Excerpted data: Begin

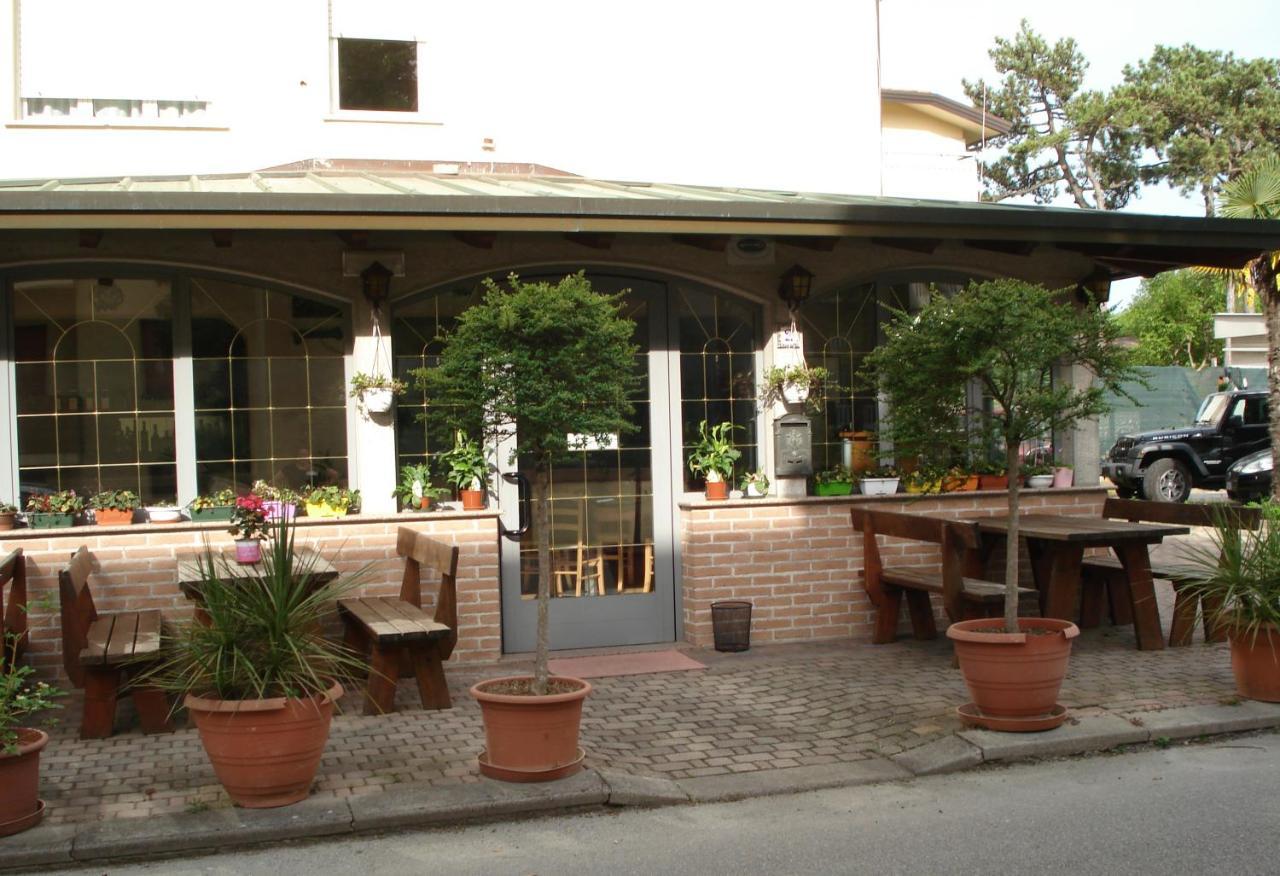 La Quercia Hotel Lignano Sabbiadoro Kültér fotó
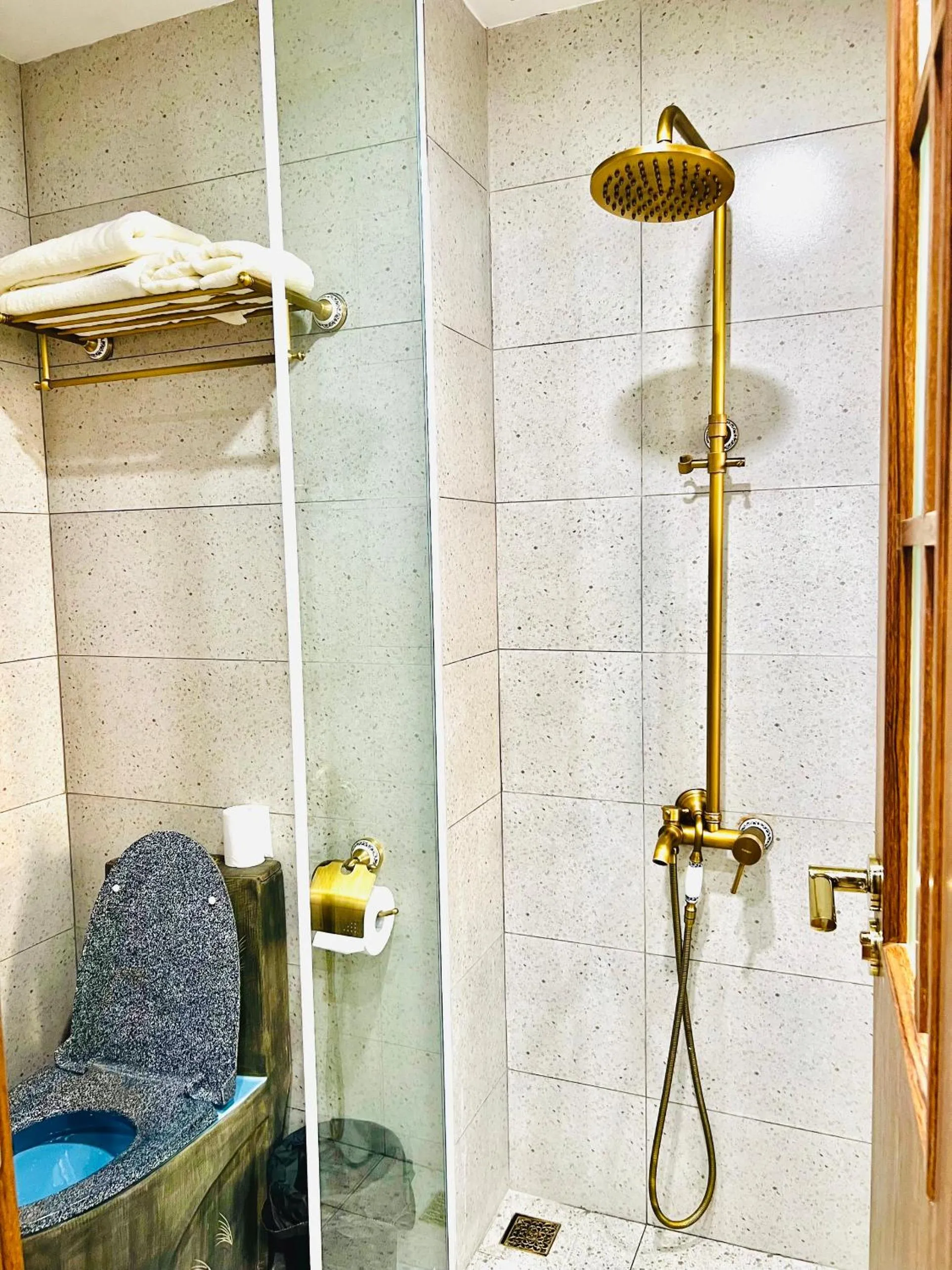 Shower in Rova Hotel Phú Quốc
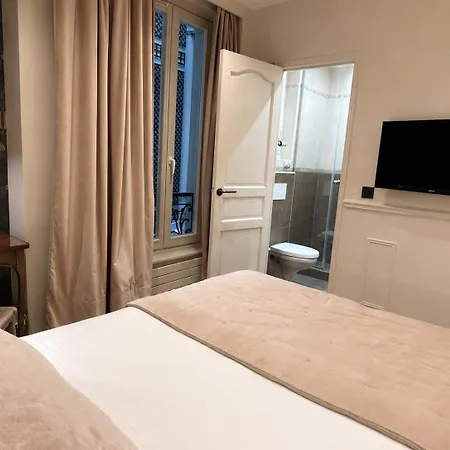 Hotel Des Bains Paris
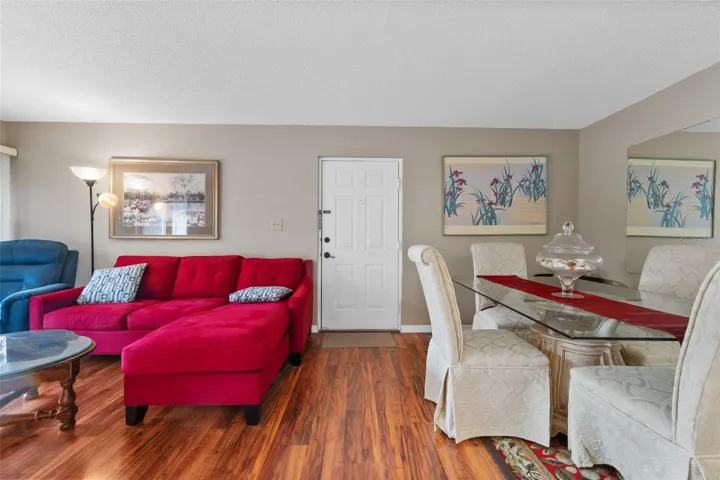 Living room/dining area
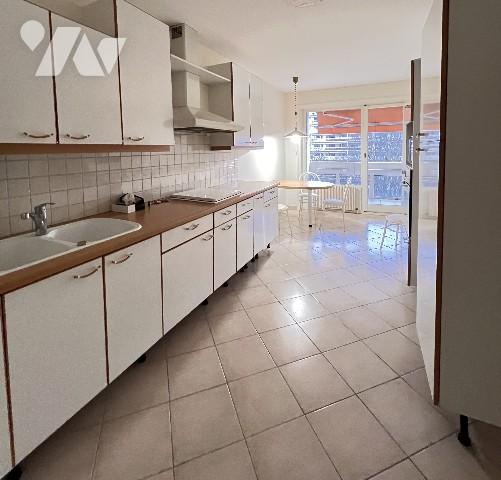 Ecully, proche centre, T5 de 124,52 m² dans résidence Pitance avec piscine et tennis - garage.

Excerpted data: End

> [Work required]
What you produce should repeat the data word for word while omitting all images.

> [Output for this task]
 La Quercia Hotel Lignano Sabbiadoro Kültér fotó
 Shower in Rova Hotel Phú Quốc
 Hotel Des Bains Paris
 Living room/dining area
 Ecully, proche centre, T5 de 124,52 m² dans résidence Pitance avec piscine et tennis - garage.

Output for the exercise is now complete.